* **What the exercise asks**
Give back the records below verbatim, please, but without a single image.

═════ Task inputs ═════

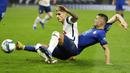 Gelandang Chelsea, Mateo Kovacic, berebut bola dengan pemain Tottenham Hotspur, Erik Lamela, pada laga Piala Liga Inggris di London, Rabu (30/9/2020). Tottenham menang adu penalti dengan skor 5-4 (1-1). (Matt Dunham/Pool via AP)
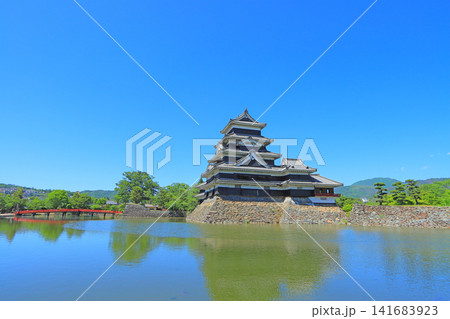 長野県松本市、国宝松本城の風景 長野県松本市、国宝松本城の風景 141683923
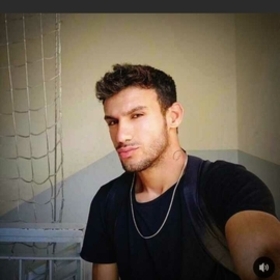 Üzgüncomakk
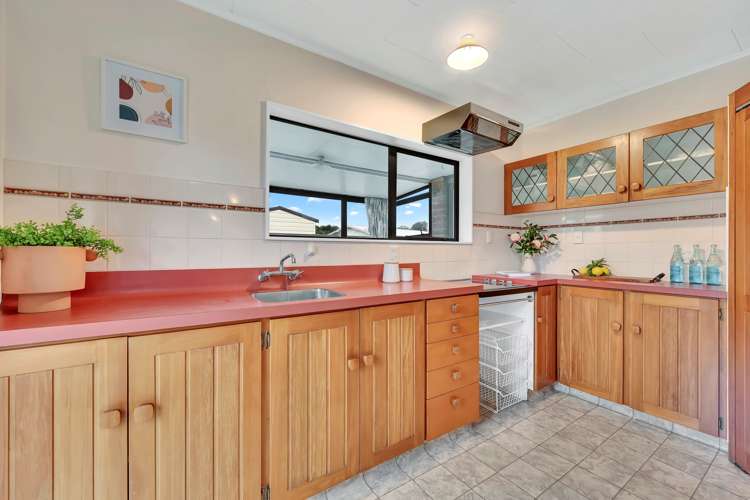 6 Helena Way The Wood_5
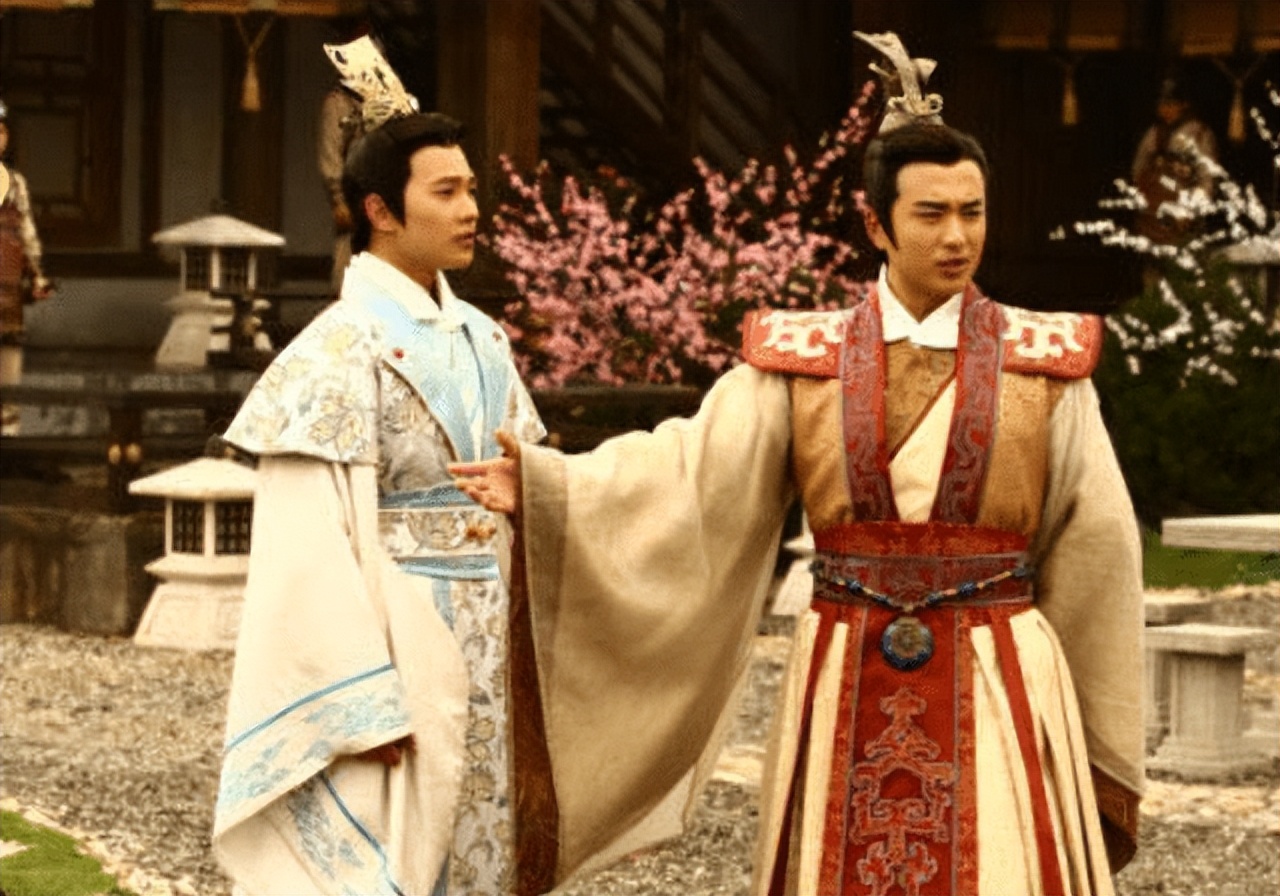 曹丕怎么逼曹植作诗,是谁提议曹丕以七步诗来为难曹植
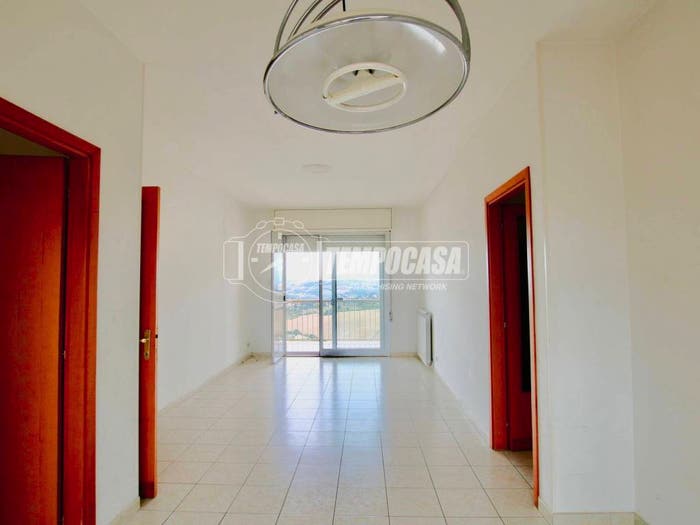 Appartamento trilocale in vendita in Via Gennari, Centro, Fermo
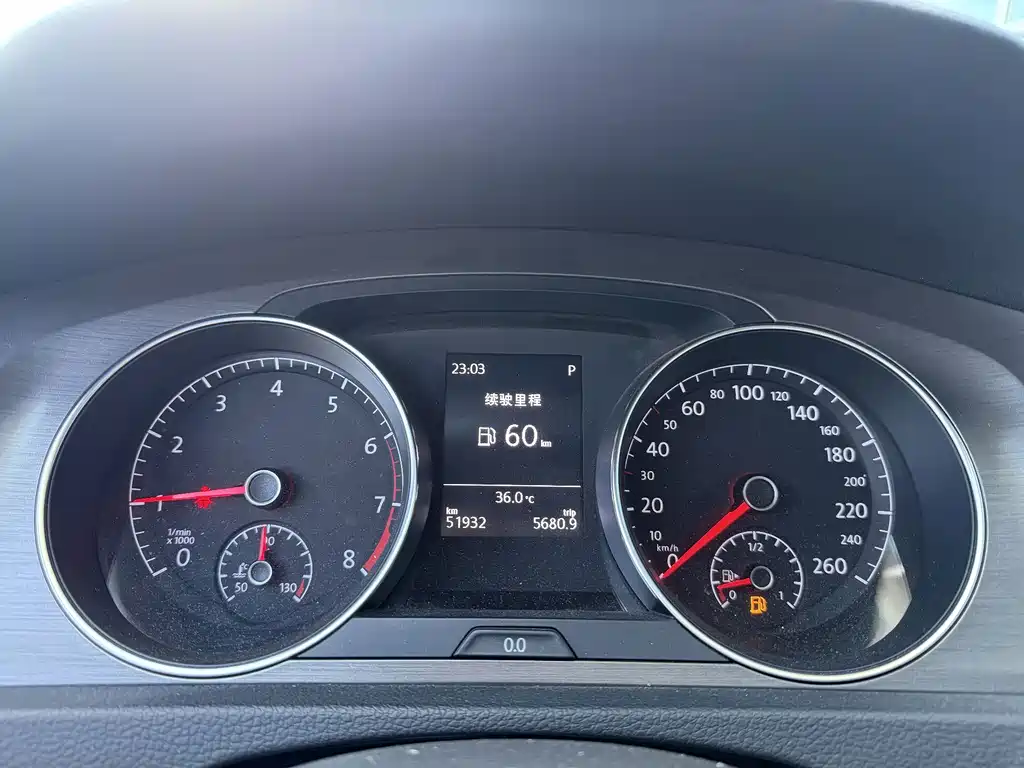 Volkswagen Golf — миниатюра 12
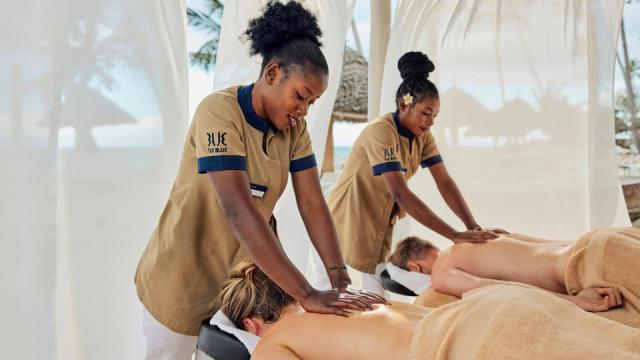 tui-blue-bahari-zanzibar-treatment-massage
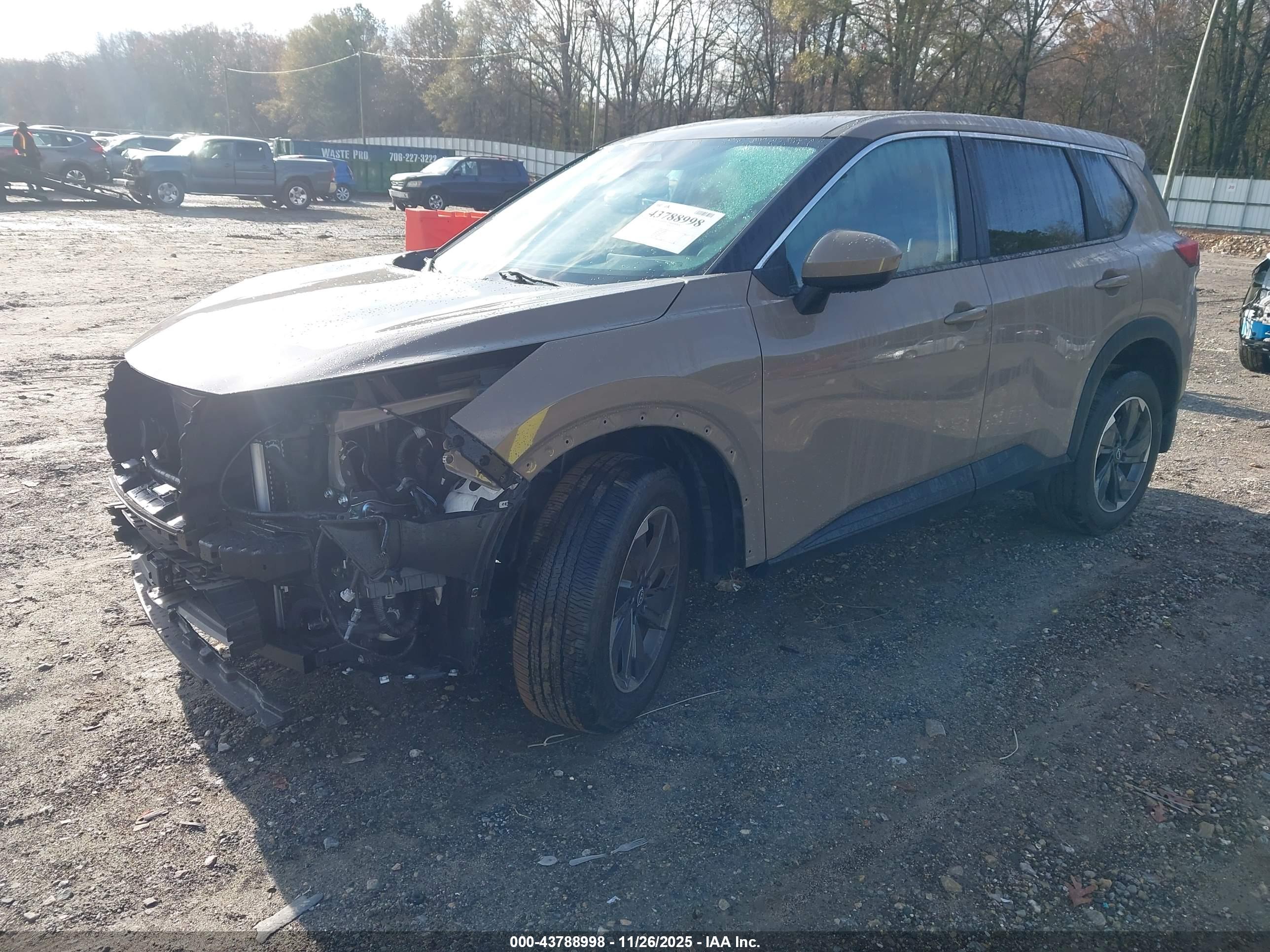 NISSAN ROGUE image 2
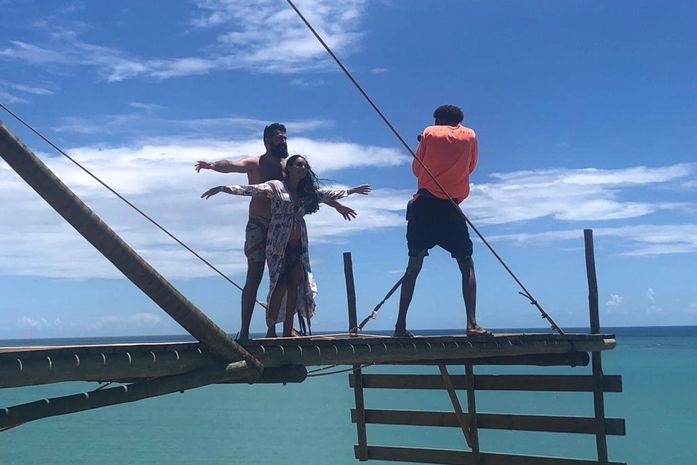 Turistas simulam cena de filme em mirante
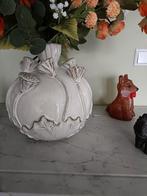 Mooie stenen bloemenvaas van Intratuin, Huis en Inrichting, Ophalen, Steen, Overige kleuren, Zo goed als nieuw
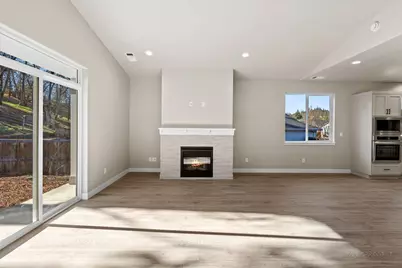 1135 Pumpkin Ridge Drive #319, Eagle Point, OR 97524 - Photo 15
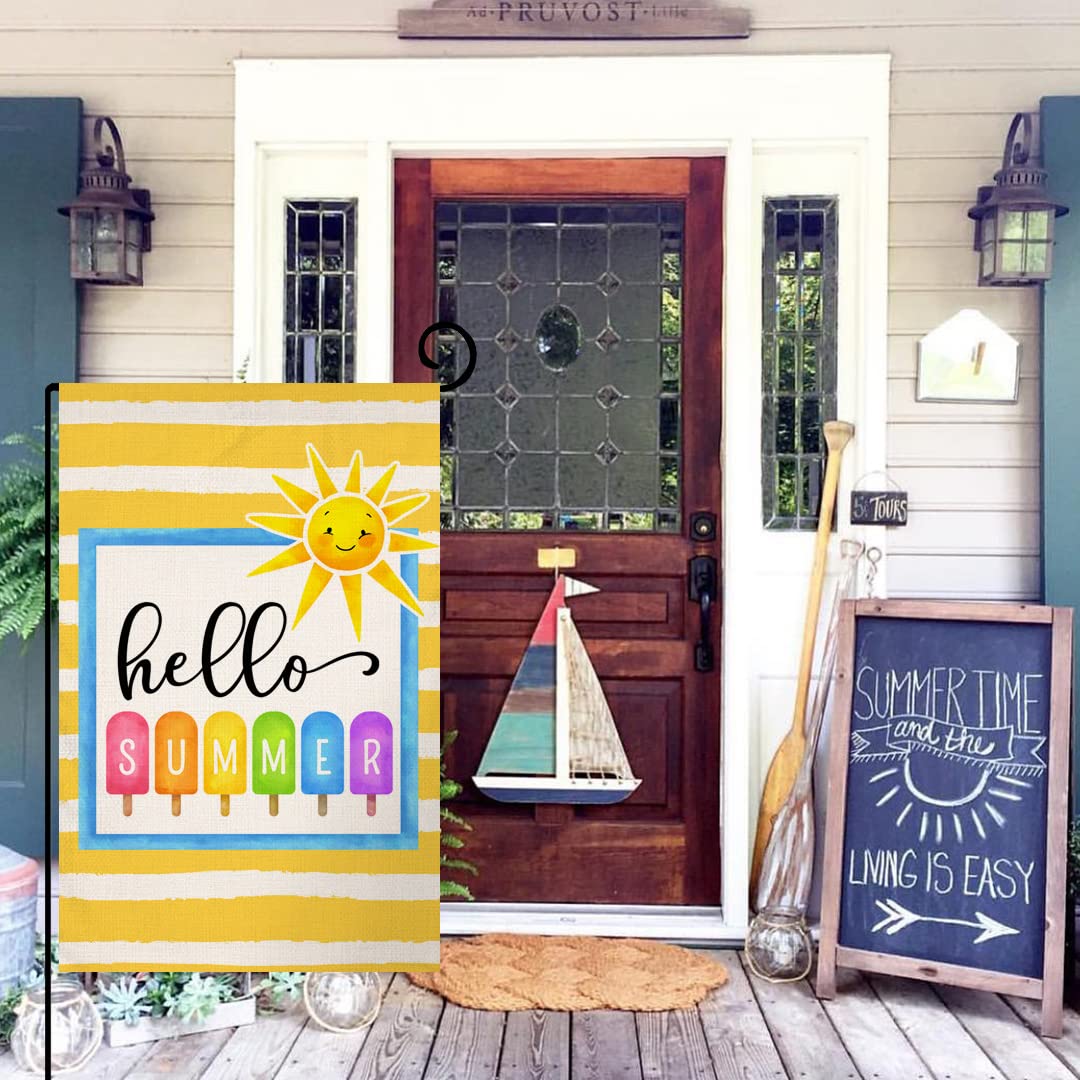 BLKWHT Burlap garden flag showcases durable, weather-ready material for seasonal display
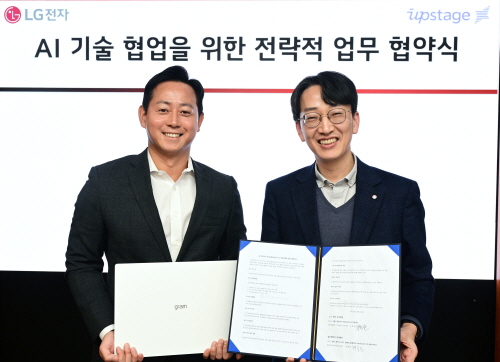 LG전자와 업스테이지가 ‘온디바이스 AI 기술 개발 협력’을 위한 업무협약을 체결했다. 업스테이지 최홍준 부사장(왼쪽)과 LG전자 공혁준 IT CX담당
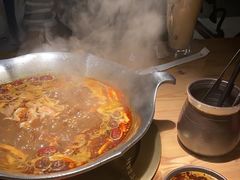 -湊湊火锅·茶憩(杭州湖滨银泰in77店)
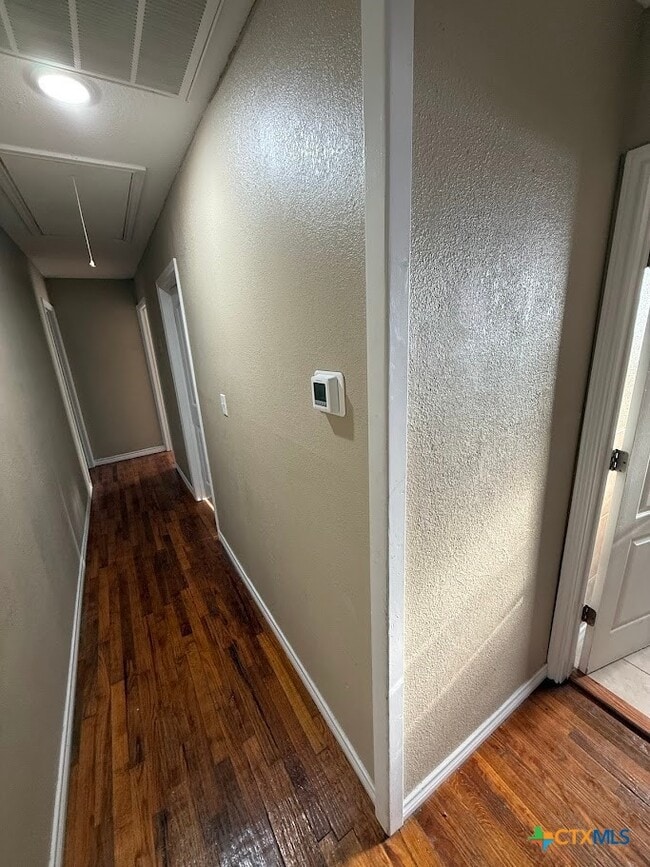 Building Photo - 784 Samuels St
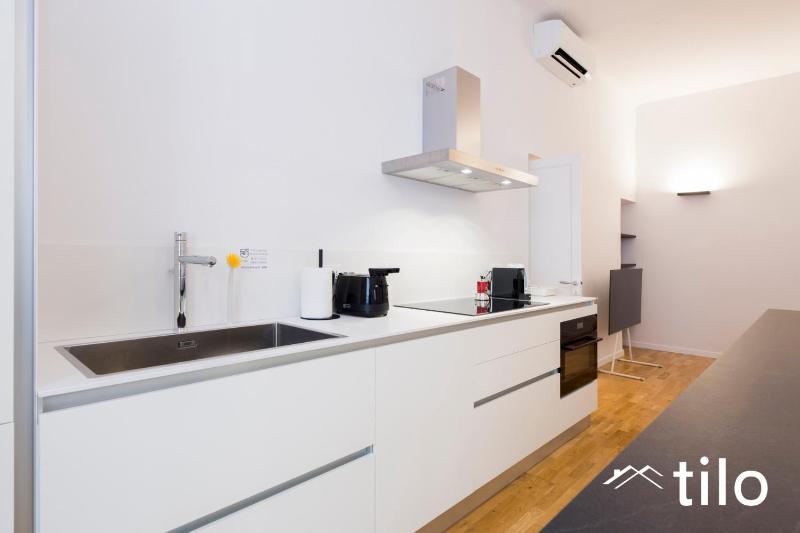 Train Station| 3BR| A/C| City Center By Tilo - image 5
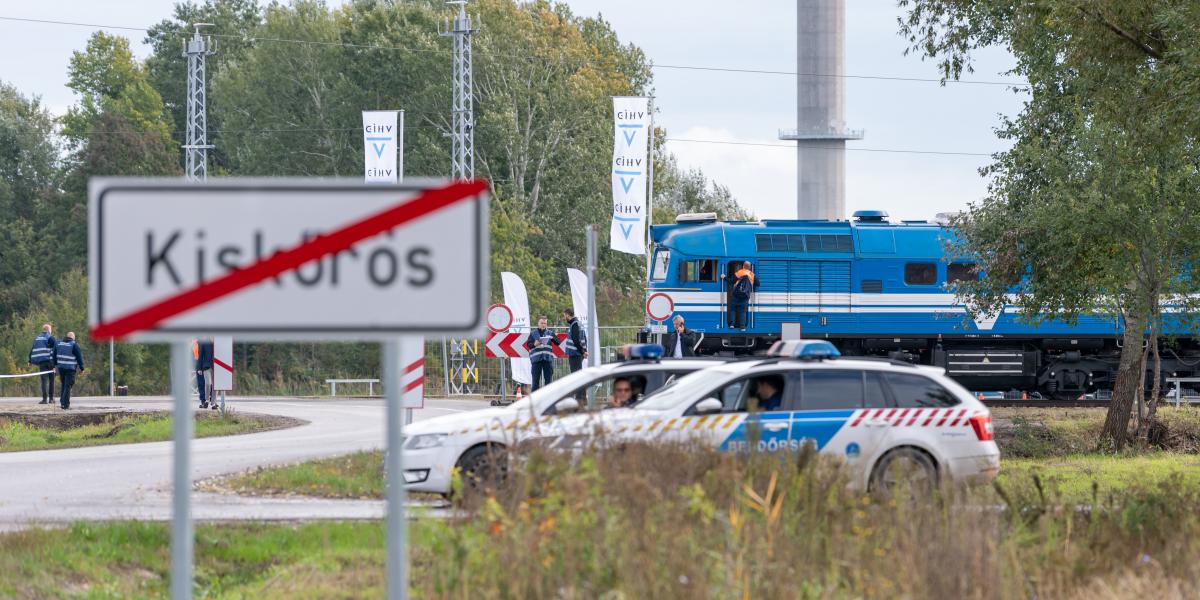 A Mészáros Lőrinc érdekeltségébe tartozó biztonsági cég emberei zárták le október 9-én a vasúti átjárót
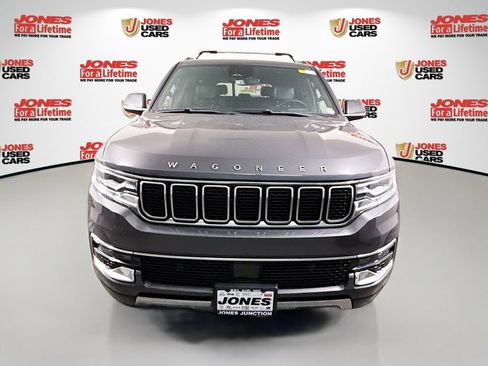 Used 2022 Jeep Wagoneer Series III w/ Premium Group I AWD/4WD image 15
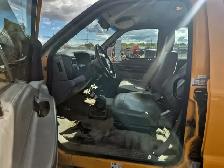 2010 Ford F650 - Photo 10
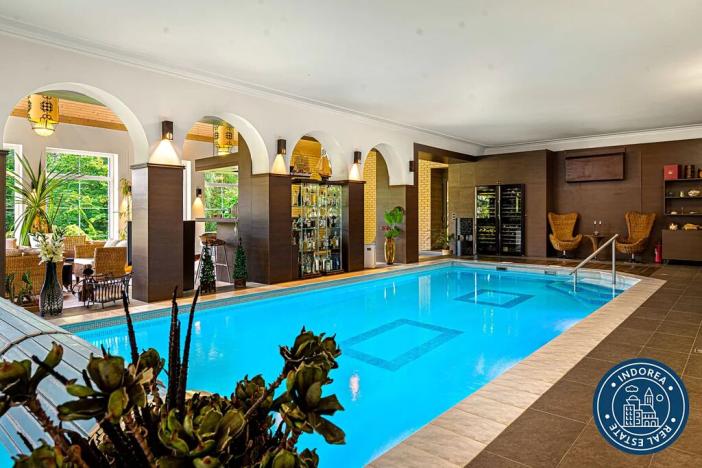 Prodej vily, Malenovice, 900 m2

═════

* **Solution for this task**
 Gelandang Chelsea, Mateo Kovacic, berebut bola dengan pemain Tottenham Hotspur, Erik Lamela, pada laga Piala Liga Inggris di London, Rabu (30/9/2020). Tottenham menang adu penalti dengan skor 5-4 (1-1). (Matt Dunham/Pool via AP)
 長野県松本市、国宝松本城の風景 長野県松本市、国宝松本城の風景 141683923
 Üzgüncomakk
 6 Helena Way The Wood_5
 曹丕怎么逼曹植作诗,是谁提议曹丕以七步诗来为难曹植
 Appartamento trilocale in vendita in Via Gennari, Centro, Fermo
 Volkswagen Golf — миниатюра 12
 tui-blue-bahari-zanzibar-treatment-massage
 NISSAN ROGUE image 2
 Turistas simulam cena de filme em mirante
 Mooie stenen bloemenvaas van Intratuin, Huis en Inrichting, Ophalen, Steen, Overige kleuren, Zo goed als nieuw
 1135 Pumpkin Ridge Drive #319, Eagle Point, OR 97524 - Photo 15
 BLKWHT Burlap garden flag showcases durable, weather-ready material for seasonal display
 LG전자와 업스테이지가 ‘온디바이스 AI 기술 개발 협력’을 위한 업무협약을 체결했다. 업스테이지 최홍준 부사장(왼쪽)과 LG전자 공혁준 IT CX담당
 -湊湊火锅·茶憩(杭州湖滨银泰in77店)
 Building Photo - 784 Samuels St
 Train Station| 3BR| A/C| City Center By Tilo - image 5
 A Mészáros Lőrinc érdekeltségébe tartozó biztonsági cég emberei zárták le október 9-én a vasúti átjárót
 Used 2022 Jeep Wagoneer Series III w/ Premium Group I AWD/4WD image 15
 2010 Ford F650 - Photo 10
 Prodej vily, Malenovice, 900 m2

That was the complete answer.